B&E students go head-to-head in first-ever sales competition

March 27, 2015

students participate in the first-ever sales competition at West Virginia University.

On March 14, students put their skills to the test, thought quickly on their feet and put their salesperson hats on in the first-ever sales competition at West Virginia University.

Sponsored by the College of Business and Economics, the sales competition was offered to West Virginia University students and those from other universities in the surrounding region. The result was 12 students from B&E, as well as six students from other universities including the University of Pittsburgh and Duquesne University, who are looking to pursue a career in sales.

The half-day competition was at no cost to the students, and kicked off at noon with a luncheon to give students a chance to meet and interact with the judges.
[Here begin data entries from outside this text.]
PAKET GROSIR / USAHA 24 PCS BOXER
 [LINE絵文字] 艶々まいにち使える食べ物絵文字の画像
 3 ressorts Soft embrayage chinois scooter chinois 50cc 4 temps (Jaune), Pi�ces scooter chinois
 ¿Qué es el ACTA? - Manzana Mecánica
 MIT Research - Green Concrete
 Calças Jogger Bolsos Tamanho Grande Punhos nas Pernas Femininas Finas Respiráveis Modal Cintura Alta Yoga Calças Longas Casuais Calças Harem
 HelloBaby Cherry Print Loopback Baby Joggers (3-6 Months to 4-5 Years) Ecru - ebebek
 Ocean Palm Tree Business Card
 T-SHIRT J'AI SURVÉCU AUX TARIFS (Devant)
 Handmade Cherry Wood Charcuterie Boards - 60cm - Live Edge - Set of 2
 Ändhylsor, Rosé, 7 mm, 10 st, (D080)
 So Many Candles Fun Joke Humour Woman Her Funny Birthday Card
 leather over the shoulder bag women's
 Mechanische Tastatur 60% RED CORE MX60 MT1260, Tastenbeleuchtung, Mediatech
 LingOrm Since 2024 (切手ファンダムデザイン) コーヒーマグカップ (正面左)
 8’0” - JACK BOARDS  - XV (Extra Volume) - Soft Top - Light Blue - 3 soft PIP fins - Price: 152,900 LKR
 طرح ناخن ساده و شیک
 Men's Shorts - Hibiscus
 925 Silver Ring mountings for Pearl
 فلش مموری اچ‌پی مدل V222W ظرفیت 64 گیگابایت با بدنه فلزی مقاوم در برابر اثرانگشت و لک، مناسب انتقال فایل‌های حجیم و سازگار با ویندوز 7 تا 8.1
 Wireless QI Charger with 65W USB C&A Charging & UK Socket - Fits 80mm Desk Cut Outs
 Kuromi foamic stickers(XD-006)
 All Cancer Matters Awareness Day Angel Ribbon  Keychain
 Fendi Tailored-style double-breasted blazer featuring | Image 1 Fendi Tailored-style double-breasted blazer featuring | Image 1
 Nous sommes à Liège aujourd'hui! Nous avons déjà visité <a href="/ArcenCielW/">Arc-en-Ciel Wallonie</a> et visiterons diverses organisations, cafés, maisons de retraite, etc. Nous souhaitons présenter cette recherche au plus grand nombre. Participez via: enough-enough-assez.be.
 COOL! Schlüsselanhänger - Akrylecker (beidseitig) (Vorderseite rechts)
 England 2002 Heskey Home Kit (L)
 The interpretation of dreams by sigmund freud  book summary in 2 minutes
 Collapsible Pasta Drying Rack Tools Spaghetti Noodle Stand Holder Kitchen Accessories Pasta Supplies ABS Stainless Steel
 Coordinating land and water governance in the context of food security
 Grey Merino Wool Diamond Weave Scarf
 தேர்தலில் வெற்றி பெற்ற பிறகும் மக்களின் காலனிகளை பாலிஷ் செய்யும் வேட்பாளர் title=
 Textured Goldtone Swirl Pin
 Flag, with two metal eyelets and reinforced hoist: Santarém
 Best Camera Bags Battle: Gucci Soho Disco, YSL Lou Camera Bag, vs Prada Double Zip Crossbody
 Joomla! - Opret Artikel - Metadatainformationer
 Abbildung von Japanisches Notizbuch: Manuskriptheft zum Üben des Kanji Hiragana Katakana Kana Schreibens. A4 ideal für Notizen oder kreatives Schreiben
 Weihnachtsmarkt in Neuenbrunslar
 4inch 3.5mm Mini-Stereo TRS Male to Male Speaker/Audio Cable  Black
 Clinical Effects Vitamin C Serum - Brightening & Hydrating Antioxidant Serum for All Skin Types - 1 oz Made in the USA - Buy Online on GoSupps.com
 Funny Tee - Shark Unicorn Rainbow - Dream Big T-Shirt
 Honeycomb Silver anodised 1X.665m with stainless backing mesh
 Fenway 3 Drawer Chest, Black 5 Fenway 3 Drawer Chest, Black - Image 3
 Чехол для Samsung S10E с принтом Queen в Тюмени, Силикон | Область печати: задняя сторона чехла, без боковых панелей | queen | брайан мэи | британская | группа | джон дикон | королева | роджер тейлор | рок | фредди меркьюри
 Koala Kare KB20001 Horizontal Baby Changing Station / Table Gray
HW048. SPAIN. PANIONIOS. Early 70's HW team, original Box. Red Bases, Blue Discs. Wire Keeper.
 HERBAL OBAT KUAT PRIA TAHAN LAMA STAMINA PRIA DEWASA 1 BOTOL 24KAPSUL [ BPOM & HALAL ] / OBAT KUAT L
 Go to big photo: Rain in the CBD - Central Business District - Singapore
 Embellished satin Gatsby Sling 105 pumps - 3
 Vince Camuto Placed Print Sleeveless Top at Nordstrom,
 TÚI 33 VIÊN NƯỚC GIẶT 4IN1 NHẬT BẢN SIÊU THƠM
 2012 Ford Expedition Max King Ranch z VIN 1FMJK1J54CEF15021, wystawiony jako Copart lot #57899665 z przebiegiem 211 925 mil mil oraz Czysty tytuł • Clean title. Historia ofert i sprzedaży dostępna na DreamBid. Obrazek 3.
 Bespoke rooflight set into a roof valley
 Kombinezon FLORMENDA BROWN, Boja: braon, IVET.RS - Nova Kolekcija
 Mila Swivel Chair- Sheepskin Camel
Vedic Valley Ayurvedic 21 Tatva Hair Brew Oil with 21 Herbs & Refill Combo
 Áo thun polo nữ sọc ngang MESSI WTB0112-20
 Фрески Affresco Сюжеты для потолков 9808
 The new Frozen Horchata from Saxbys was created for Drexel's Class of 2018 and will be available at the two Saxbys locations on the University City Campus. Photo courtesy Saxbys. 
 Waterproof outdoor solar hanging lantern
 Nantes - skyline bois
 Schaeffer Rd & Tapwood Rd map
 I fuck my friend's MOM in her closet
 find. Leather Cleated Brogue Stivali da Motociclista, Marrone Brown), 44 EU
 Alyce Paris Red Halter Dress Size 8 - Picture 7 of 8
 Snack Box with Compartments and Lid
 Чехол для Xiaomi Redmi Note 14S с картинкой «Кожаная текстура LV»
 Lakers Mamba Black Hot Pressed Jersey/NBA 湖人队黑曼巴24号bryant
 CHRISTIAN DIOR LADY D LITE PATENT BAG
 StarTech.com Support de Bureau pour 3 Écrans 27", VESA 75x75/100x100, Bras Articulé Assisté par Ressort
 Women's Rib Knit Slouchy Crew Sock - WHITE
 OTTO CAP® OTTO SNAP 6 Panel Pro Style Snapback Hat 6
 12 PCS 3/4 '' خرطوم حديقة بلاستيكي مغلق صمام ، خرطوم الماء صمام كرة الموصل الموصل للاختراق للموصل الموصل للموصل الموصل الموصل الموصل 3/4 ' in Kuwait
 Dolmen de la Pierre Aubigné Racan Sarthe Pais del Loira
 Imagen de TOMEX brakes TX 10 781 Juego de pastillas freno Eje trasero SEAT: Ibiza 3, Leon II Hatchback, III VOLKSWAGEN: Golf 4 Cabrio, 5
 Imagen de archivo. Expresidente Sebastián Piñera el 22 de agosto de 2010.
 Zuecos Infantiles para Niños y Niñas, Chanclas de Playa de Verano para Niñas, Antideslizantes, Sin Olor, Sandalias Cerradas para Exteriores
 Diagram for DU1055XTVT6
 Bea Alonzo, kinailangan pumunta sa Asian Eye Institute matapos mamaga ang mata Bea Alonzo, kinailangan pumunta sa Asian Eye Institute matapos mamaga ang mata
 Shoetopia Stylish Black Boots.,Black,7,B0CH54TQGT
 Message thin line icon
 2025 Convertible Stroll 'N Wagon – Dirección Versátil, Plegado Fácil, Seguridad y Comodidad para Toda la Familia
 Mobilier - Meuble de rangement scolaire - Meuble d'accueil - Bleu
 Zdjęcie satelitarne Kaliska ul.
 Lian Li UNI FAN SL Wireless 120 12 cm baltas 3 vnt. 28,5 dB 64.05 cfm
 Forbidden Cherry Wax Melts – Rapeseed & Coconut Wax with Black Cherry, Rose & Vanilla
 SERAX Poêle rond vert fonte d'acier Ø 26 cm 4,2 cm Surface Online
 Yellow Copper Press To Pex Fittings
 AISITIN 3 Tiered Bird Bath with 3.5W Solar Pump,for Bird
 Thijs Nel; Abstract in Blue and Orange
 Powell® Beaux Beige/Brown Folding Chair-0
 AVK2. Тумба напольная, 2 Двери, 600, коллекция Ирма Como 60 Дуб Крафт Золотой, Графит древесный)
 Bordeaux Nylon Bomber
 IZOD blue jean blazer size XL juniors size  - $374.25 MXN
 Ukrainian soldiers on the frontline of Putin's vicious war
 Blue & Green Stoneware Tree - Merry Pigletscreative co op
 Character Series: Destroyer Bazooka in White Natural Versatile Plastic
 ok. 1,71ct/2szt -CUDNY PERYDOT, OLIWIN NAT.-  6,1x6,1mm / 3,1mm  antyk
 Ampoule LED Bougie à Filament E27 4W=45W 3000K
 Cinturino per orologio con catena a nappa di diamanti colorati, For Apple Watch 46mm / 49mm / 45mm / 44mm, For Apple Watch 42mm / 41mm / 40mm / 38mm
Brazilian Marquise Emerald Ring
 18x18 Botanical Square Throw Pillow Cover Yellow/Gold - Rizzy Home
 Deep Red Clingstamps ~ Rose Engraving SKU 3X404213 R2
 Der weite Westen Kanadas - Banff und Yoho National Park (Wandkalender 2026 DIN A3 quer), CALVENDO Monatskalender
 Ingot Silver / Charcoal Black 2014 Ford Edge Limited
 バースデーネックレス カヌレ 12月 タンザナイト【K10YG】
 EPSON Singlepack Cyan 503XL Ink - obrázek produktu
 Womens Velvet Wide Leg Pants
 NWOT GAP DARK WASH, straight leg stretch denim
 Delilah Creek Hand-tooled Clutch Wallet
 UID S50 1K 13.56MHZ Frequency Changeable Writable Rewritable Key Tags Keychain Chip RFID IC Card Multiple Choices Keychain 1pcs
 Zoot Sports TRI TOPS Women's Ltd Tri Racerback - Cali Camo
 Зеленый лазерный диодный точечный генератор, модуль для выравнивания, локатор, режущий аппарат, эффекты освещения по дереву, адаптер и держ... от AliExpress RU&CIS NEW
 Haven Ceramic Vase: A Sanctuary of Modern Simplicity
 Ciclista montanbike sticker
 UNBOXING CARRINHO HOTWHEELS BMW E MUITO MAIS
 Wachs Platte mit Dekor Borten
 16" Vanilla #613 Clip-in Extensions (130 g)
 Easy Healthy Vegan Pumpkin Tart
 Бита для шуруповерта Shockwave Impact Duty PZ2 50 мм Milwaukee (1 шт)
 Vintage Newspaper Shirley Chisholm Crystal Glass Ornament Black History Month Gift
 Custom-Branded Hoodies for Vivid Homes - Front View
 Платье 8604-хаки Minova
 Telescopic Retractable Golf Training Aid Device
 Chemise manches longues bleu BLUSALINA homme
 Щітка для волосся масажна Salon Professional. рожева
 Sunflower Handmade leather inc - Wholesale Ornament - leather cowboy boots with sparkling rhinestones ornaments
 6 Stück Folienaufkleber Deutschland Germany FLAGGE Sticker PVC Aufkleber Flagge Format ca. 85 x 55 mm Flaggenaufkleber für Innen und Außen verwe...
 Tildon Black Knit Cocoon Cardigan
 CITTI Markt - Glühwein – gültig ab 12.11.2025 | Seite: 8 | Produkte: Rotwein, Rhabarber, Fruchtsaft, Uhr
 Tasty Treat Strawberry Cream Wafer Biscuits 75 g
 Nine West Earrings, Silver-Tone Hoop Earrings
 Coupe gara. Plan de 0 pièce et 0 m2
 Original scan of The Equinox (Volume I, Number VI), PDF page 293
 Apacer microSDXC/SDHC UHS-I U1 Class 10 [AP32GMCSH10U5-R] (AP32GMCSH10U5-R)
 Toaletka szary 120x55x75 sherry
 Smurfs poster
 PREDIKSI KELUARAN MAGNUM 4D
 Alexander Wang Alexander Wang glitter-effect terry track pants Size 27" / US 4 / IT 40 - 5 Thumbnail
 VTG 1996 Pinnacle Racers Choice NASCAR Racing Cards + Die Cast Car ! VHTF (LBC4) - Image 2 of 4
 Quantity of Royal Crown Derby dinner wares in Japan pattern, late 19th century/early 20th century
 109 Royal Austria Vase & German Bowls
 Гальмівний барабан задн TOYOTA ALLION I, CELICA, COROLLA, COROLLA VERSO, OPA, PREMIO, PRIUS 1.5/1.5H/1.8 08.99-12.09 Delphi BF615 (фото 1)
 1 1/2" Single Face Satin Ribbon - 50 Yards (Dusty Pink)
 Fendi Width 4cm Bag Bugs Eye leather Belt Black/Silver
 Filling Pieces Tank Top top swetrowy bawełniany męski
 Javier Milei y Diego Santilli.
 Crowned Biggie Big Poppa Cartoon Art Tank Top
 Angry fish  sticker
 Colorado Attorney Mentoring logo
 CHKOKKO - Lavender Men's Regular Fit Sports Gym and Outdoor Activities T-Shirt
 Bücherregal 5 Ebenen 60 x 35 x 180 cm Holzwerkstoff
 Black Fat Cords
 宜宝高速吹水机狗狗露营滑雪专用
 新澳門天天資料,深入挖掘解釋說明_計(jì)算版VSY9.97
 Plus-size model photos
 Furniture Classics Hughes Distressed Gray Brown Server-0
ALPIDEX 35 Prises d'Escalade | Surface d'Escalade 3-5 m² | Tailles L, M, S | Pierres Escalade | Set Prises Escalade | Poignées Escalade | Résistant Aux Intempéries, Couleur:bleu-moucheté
The panel of judges was comprised mostly from the Professional Sales Advisory Committee at B&E, a group of 12 working sales professionals who assist the marketing department with curriculum guidance, internship placement for current students and more. 

Two rounds of competition were held, and the pressure was on for the participants.

“The first round was a sales role-play situation, where the students were told to assume the role of a seller who was pitching a computerized sales tracking tool, and they were tasked with calling on an owner of an office supply store that had a sales force,” said Mike Walsh, chair and associate professor of the marketing department. “There were a series of breakout rooms, and we had a number of graduate students volunteer to play the parts of the buyers.”

Students presented themselves to the buyer in front of a panel of judges in the room, and they were given 20 minutes to do so, as time management was included on the scoring sheet as part of the challenge. Participants were then evaluated on a number of different criteria, and the goal was to secure the buyer’s agreement to submit a written proposal.

Four finalists were identified, and these students were sent off to an intensive second round where the buyer had objected to the proposal, and the sellers had to quickly think on their feet to put their proposals through. The remaining students worked on their elevator pitches in a hypothetical lightning round, working as a salesperson of a textbook publishing company that is trying to secure an exclusive contract with WVU, for the University to only sell books from that company.

“A number of people would be involved in this decision in the real world: professors, deans of individual schools, the provost, CFO of the University, the president and even students,” Walsh said. “We gave the students quick biographies of the six personas, and I gave them names. The students would then wait outside the door of a room where the judges (who had taken on these personas, nametag and all) were standing. As an individual would walk out of the room with a nametag on, the students were challenged on the fly to walk up, introduce themselves and figure out who the person is by the name on their nametag.”

In less than a minute, students were given the job of figuring out who the person was, explaining who they are representing and what the situation is, and tailoring their pitch to the specific persona and that persona’s concerns. The goal was to have secured the person’s business card and have set up an appointment for a phone call by the time the person reached the doors of the Mountainlair.

“Students were incredibly nervous, because there was a lot out of their control. They didn’t know who was going to come through that door and it really made them think on their feet, which is a pretty important life skill in itself,” Walsh said. “We did this for several rounds and took turns. It was very neat because the judges commented on how the students were getting better each time, and really mastering what this was all about.”

The group wrapped up with the second round and retreated to a local restaurant, where the winner was announced as Dorian Evans from Duquesne University. The four finalists received plaques, and each participant received a t-shirt and certificate.

The competition was the first of its kind, and there are plans in place to host another such competition in the fall, Walsh said.

“It was a great thing, something you can’t teach in the classroom. This is the real world,” Walsh said. “There are big national competitions just like this one, and most students aren’t in the position to be able to go. This was an opportunity to bring that type of experience here to campus, and it was great to see them interacting with each other and networking with their counterparts from other schools.

“The students were very enthusiastic all day – none of them had ever been through anything like this, and they were stoked. There was one official winner, but at the end of the day, all the students were ‘winners’ by getting a ton of valuable advice and feedback on their salesmanship.”